PROBLEM REQUIREMENTS => All of the data below should be written out again exactly.

*** EXERCISE DATA

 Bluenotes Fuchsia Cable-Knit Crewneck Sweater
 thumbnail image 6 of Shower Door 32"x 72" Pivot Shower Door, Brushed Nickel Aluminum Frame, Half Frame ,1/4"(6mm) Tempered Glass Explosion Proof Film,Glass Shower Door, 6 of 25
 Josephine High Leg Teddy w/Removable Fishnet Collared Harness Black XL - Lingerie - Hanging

******

TASK RESPONSE =>
 Bluenotes Fuchsia Cable-Knit Crewneck Sweater
 thumbnail image 6 of Shower Door 32"x 72" Pivot Shower Door, Brushed Nickel Aluminum Frame, Half Frame ,1/4"(6mm) Tempered Glass Explosion Proof Film,Glass Shower Door, 6 of 25
 Josephine High Leg Teddy w/Removable Fishnet Collared Harness Black XL - Lingerie - Hanging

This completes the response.